My immediate feelings on the film are that it comes across like a combination of a 1970’s Kung-Fu movie, complete with over the top stunts and wacky martial arts, and “Ghostbusters,” mostly through the use of the super natural, the effects which are used to portray said other worlders, and the straight-man to watch the insanity ensue.
At first, I found myself asking, “Why is Kurt Russell in this movie? He really doesn’t belong in this scenario. What does he bring to the table?”
But as the film progressed, my question was answered in much the same way it was used in “Ghostbusters.” If you were to remove Kurt Russell from this movie, the playful and energetic atmosphere would be removed from the movie. All of the best lines and moments in the film revolve around Russell’s character, and it’s his resolve and ability to take everything in stride that makes this whole event some much fun.

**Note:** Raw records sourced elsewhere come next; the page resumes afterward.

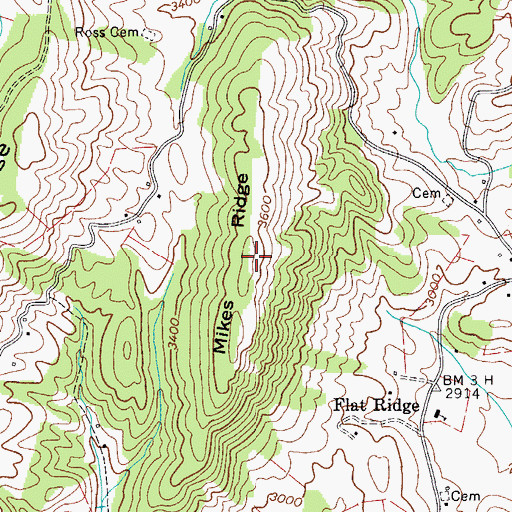 Topographic Map of Mikes Ridge, VA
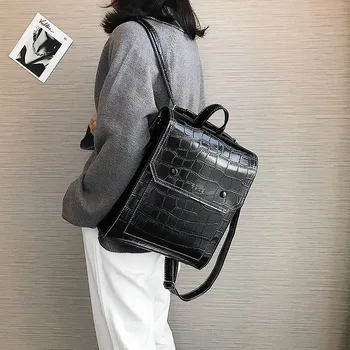 

Vintage Pu Leather Women Backpack Style Backpacks Fashion School Bag for College Girl Stone Shoulder Bag Black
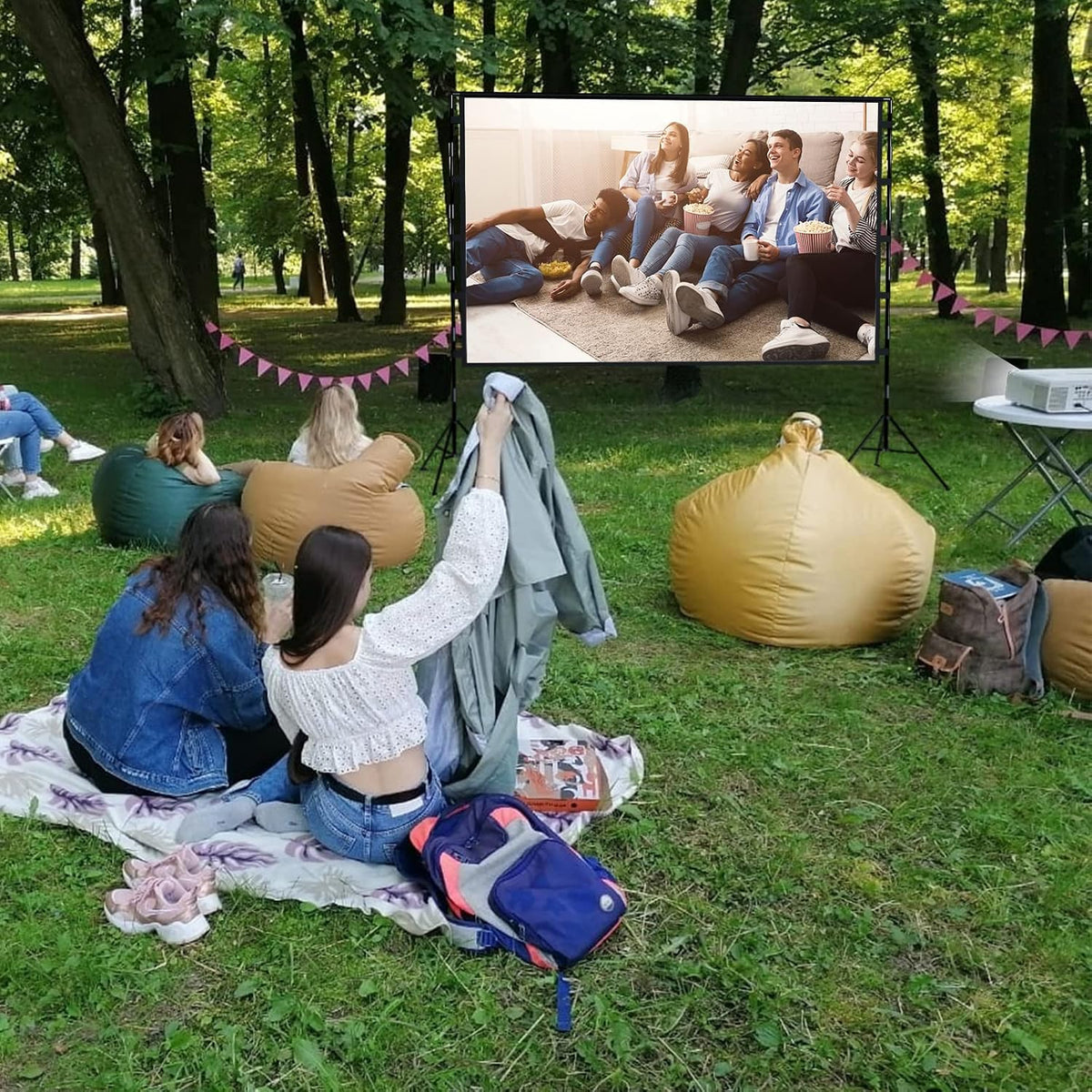 100 Inch Outdoor Projector Screen with One-Piece Telescopic Stand, Wrinkle-Resistant 4K HD Movie Screen for Backyard, Camping and Indoor Home Theater (Fits Long Throw Projectors)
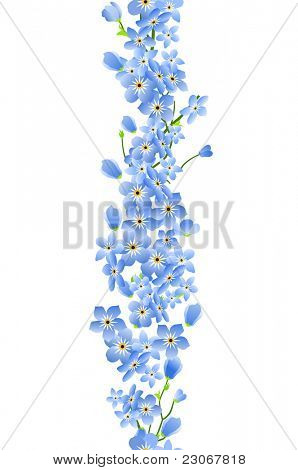 Pionowy wzór z forget-me-nots. Wersja rastrowych. Wektor wersja jest w mojej galerii.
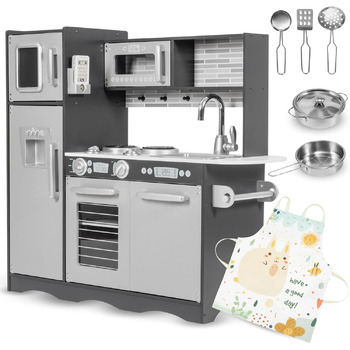 Дитяча іграшкова кухня зі світлодіодним спалахом, дерев'яна дитяча іграшка, рольові кухонні аксесуари, включаючи рольову кухню для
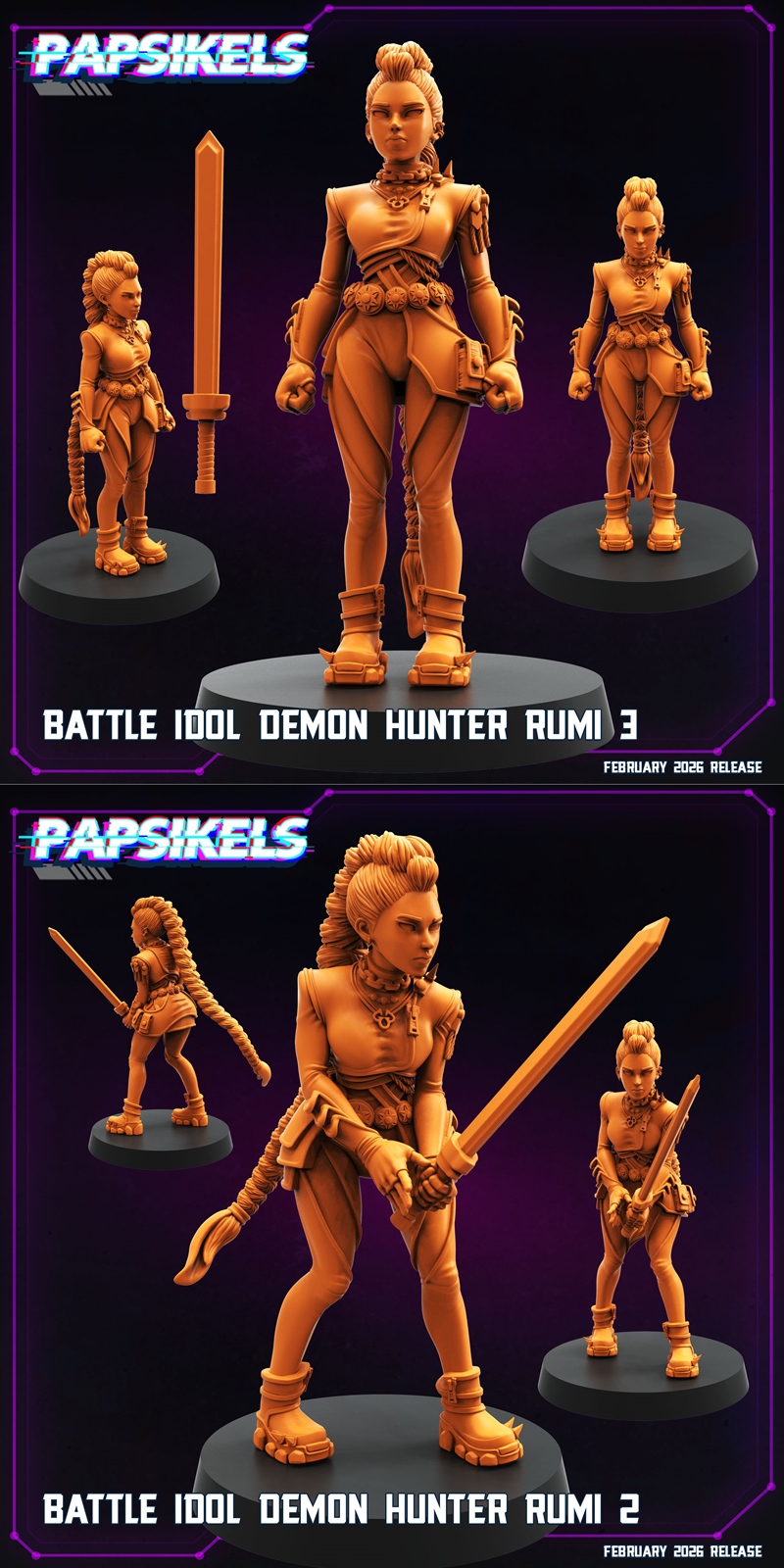Papsikels迷你模型——战斗偶像恶魔猎人露米3D打印版|Papsikels Miniatures – Battle Idol Demon Hunter Rumi – 3D Print Model STL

Without Russell, this just becomes a very strange and forgettable Kung-Fu movie with some halfway decent effects. Though I guess another saving grace for the film would be the unique yet compelling mythology the film develops through it’s villain, Lo Pan (James Hong). This is mostly accomplished through Hong’s performance as an old and creepy wheelchair bound warlord, but then also as a teeth-grinning psychopathic wizard. Hong works both in different ways, but still comes across like they’re the same character.
It is also interesting to watch “Big Trouble In Little China” after watching so many other John Carpenter films. Having seen “The Thing”, “Assault On Precient 13”, “Halloween” and “They Live!” already, I can safely say that John Carpenter is able to take the most basic plot lines and add just the right amount of zest and flavor to them to make the film compelling to watch for a whole different reason. “Big Trouble In Little China” is no exception to that rule. Though I will say that this particular film takes a lot more chances than many of Carpenter’s other works, it succeeds at most simply because of Russell and Hong’s performances, as well as Carpenter’s love for his craft.
You can tell that John Carpenter is enthralled with what he does and puts every ounce of his heart and passion into his films. That passion comes through in his films and gives it an extra kick that many other films lack. While his films may not always be big financial hits, they’re always a joy to watch and each one I’ve watched as put a simile on my face.